Members of the DAR distributed those to 4th or 5th grade classes at 13 Coweta County School through personal visits during the week of September 9-13.

“We wanted to get this to teachers and their students before this week of celebration,” said Cole. Students at Arbor Springs, Arnco-Sargent. Atkinson, Elm Street, Canongate, Jefferson Parkway, Northside, Newnan Crossing, Poplar Road, Thomas Crossroads, Welch, White Oak and Willis Road Elementary Schools received copies, along with materials for teachers as well.

“Mrs. Cole brought our students some wonderful pocket Constitutions of their own, flag stickers, and activity suggestions,” said Willis Road 4th grade teacher Noel Smith, whose classroom entrance is adorned with several American flags. “I try to instill in my students the pride and respect for our country that is befitting the greatest country in the world. My kids can tell from the moment they approach my door that I am all about being patriotic.”

Smith says he tells his students – and told DAR members – “how proud I am to teach kids about our country's beginning. And how, as a fourth grade teacher, I am allowed to teach my students about the Constitution.”

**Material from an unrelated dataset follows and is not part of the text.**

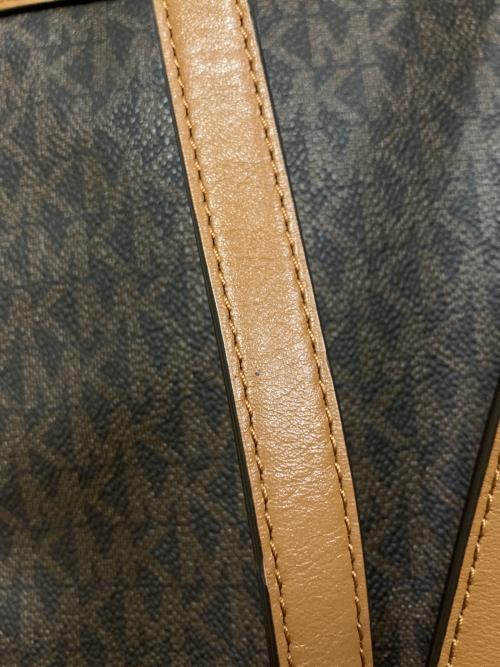 MICHAEL KORS（マイケル・コース）MICHAEL KORS (マイケル・コース) シグネチャーリュック ブラウン サイズ:表記なしの古着・服飾アイテム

“I tell my kids every year that I believe the Constitution to be the single most important document in human history,” said Smith. “To have a copy of that document to hand to each child is powerful. To talk about something 200-plus years old can be very abstract for a nine year old. To hold it in your hands and see what it says? That's what it's all about.” Students will “appreciate the fact that someone whom they've never met thought enough of them and enough of the Constitution to spread it across the county,” he said.

Smith said his students “will be able to use the pocket version that they were given to aid them in their American Revolution projects that we do toward the end of the second nine weeks. I really like using Constitution Day as a preview of the 4th grade curriculum as it relates to the Constitution and the Bill of Rights. We also discuss the difficulty of trying to please everyone. How hard must it have been to hammer out this document? And it's darned-near perfect!”

September 17 was Constitution Day and Citizenship Day. The occasion celebrated the formation and the September 17, 1787 signing of the United States Constitution, the 39 Founding Fathers who signed the document, and American citizenship.